Crawled caption data:
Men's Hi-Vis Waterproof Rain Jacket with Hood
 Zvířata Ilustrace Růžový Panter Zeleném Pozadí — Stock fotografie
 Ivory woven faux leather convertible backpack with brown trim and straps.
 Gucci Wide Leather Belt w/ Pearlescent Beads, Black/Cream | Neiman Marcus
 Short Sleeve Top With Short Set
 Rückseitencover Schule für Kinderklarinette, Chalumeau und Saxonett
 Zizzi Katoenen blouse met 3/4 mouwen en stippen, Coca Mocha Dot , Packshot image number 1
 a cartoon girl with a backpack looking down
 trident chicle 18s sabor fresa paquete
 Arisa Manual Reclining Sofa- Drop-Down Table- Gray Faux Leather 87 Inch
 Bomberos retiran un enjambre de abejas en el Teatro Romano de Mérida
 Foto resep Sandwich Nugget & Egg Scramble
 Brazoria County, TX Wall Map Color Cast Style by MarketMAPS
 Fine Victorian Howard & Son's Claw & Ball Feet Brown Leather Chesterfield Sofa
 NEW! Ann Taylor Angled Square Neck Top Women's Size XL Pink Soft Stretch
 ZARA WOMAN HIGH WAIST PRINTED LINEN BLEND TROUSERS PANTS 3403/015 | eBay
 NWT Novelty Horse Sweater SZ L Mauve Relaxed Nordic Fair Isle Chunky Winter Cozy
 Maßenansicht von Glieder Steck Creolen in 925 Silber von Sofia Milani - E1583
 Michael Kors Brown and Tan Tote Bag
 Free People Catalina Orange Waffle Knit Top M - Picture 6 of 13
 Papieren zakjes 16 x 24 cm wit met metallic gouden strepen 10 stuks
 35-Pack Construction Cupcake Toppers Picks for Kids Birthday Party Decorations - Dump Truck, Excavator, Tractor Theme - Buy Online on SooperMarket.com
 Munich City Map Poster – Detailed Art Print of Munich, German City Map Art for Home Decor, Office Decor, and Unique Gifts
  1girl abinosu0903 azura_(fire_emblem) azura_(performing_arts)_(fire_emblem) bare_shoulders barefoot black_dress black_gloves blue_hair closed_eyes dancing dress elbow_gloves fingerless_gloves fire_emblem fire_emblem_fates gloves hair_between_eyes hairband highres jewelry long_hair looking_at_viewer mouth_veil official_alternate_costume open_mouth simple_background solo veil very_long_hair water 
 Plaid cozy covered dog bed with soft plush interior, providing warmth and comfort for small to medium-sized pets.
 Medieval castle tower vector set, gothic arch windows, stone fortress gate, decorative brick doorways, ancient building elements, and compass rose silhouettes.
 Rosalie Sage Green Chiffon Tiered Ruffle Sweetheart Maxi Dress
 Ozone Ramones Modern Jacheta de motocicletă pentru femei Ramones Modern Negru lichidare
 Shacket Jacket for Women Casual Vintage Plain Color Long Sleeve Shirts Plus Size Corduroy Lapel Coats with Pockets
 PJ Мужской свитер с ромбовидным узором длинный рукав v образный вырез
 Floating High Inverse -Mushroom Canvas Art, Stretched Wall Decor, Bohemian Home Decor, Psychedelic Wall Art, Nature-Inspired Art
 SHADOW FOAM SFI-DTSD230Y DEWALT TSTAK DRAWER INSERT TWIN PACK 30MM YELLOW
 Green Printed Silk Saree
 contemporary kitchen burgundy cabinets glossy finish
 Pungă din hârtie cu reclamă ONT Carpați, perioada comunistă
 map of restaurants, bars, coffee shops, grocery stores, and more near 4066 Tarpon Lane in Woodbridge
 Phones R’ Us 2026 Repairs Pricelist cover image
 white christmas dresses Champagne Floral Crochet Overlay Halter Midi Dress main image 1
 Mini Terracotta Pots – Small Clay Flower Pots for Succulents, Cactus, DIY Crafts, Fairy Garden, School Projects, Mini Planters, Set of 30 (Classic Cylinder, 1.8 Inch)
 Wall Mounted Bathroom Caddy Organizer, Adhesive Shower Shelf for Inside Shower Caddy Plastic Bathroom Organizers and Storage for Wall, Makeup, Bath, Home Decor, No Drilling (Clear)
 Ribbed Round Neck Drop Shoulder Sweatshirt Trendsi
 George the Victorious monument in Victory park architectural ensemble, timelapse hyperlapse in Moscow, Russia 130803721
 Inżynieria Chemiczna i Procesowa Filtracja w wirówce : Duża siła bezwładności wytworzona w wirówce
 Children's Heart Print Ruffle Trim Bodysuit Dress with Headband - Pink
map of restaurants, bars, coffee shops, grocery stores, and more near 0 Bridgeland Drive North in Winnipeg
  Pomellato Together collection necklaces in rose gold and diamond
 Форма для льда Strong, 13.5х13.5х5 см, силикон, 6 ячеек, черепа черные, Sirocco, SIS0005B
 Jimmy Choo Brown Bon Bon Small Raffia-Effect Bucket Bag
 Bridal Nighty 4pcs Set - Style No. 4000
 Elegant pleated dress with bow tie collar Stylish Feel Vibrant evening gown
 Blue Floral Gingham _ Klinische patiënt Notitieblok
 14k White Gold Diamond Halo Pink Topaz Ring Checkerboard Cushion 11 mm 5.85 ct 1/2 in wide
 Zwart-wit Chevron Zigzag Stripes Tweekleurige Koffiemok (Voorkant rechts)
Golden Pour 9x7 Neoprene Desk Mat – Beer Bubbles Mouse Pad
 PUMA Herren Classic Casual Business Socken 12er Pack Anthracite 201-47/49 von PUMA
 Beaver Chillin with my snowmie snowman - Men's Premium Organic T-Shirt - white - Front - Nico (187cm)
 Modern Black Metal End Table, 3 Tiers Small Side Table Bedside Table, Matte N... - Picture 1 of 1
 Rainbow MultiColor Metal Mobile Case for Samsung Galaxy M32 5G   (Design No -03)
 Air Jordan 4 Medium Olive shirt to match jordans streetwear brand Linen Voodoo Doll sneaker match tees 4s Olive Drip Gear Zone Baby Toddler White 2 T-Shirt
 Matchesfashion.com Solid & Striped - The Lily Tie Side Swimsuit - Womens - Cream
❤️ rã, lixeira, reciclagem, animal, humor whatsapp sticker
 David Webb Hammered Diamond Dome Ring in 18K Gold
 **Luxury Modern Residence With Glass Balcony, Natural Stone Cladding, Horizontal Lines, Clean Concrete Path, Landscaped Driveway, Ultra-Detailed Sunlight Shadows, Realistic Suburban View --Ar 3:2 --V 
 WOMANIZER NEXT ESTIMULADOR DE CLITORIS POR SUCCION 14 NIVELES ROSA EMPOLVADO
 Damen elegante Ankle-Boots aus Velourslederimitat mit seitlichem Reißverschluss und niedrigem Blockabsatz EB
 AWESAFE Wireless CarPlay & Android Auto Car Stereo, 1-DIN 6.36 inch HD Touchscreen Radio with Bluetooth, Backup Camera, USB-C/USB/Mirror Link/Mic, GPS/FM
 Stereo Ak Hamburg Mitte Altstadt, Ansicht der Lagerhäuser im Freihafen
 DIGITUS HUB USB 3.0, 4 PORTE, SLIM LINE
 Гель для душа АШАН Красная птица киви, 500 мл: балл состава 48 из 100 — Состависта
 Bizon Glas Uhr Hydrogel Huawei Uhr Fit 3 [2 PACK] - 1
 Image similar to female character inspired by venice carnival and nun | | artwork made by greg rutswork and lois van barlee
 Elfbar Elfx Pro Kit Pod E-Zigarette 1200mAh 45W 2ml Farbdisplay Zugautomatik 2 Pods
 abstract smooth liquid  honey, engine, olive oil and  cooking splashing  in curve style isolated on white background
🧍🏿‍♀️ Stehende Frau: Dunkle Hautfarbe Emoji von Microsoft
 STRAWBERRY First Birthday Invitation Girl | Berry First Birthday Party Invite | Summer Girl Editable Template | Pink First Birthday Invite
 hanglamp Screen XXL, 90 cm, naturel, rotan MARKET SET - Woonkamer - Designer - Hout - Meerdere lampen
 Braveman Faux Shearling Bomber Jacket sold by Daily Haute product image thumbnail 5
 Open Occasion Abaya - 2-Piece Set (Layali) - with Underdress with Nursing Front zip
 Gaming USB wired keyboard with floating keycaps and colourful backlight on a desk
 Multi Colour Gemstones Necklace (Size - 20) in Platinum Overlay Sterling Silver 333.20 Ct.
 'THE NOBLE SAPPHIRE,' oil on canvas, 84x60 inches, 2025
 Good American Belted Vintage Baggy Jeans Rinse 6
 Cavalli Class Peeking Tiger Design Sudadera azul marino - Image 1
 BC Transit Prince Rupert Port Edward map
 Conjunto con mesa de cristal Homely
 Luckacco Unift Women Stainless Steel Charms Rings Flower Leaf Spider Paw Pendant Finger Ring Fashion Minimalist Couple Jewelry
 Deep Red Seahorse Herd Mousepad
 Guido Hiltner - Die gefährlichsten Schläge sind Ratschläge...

REQUIREMENT =>
Only lines containing the string "Birthday" are needed. Pull each of them out of the records above.

ANSWER AREA =>
 35-Pack Construction Cupcake Toppers Picks for Kids Birthday Party Decorations - Dump Truck, Excavator, Tractor Theme - Buy Online on SooperMarket.com
 STRAWBERRY First Birthday Invitation Girl | Berry First Birthday Party Invite | Summer Girl Editable Template | Pink First Birthday Invite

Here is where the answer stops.